### Extracted entries ###

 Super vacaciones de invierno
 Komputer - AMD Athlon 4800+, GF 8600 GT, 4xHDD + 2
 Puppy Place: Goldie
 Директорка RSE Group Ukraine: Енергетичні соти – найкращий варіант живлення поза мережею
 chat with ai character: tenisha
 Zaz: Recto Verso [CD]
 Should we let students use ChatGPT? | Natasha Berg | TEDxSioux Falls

###
### Extracted entries ###

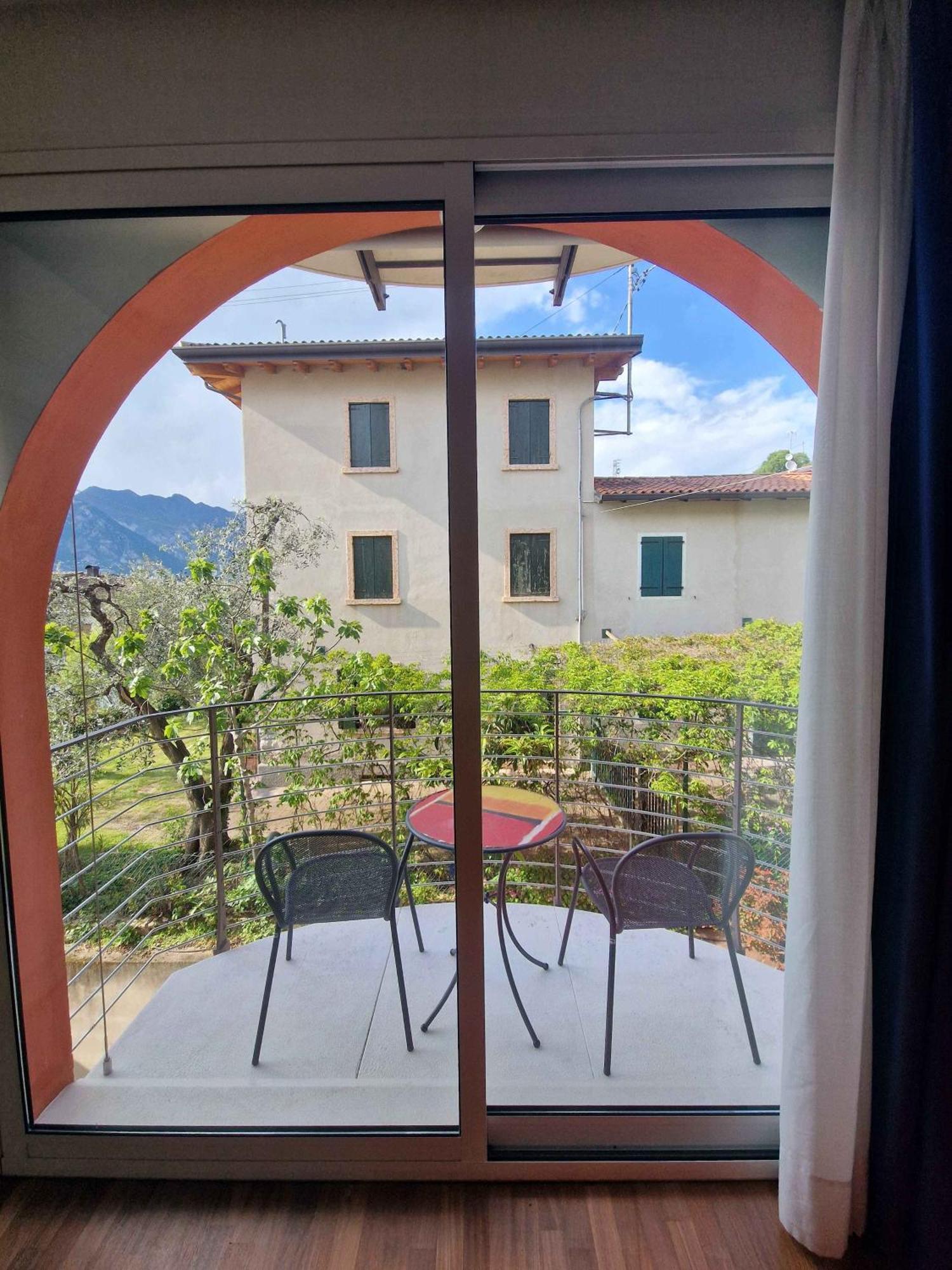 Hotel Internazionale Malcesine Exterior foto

###
### Extracted entries ###

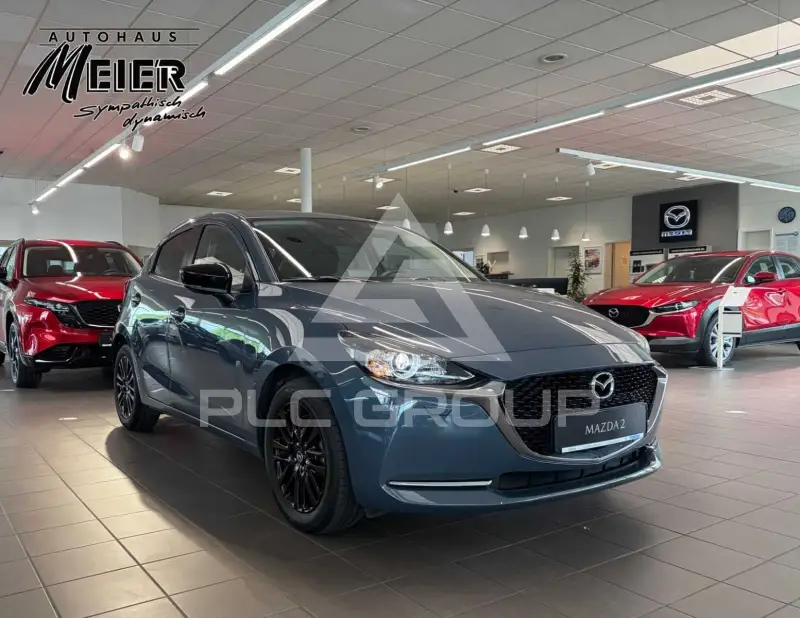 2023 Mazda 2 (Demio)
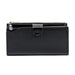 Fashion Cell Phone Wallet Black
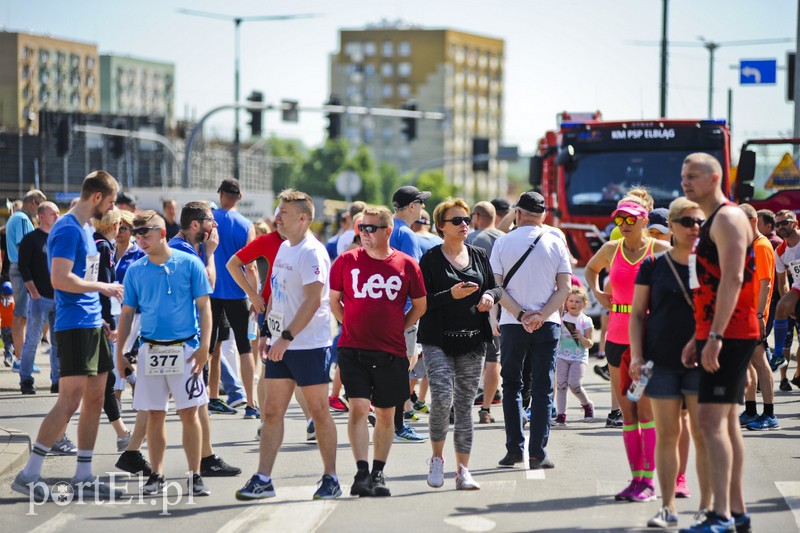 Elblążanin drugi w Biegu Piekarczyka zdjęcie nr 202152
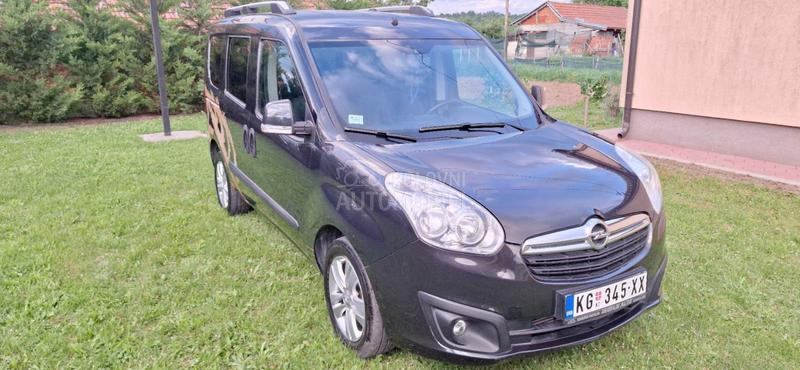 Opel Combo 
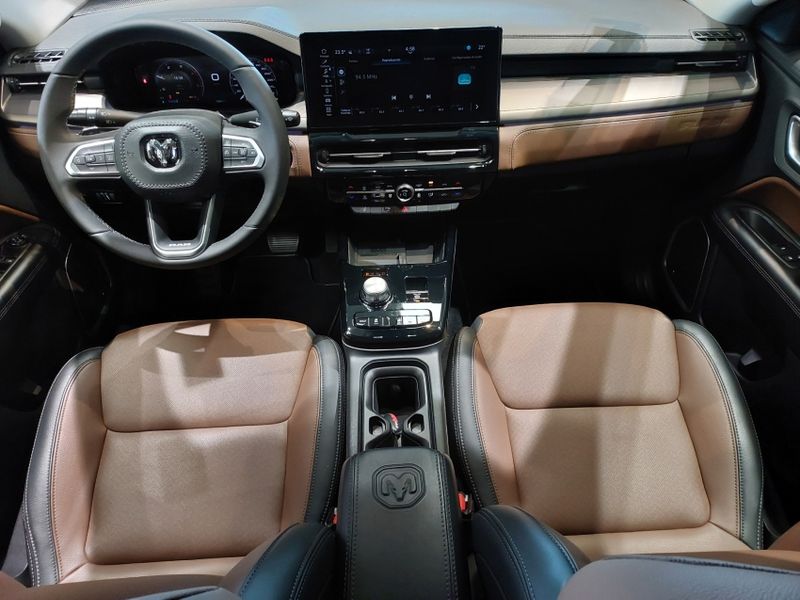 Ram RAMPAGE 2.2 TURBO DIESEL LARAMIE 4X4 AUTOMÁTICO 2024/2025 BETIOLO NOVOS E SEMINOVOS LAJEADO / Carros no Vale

###

▶ [Exercise brief] Print exactly the lines above that run from the one with "2023 Mazda 2 (Demio)" down to the one with "Ram RAMPAGE 2.2", and omit the pictures.

▶ [Result below]
 2023 Mazda 2 (Demio)
 Fashion Cell Phone Wallet Black
 Elblążanin drugi w Biegu Piekarczyka zdjęcie nr 202152
 Opel Combo 
 Ram RAMPAGE 2.2 TURBO DIESEL LARAMIE 4X4 AUTOMÁTICO 2024/2025 BETIOLO NOVOS E SEMINOVOS LAJEADO / Carros no Vale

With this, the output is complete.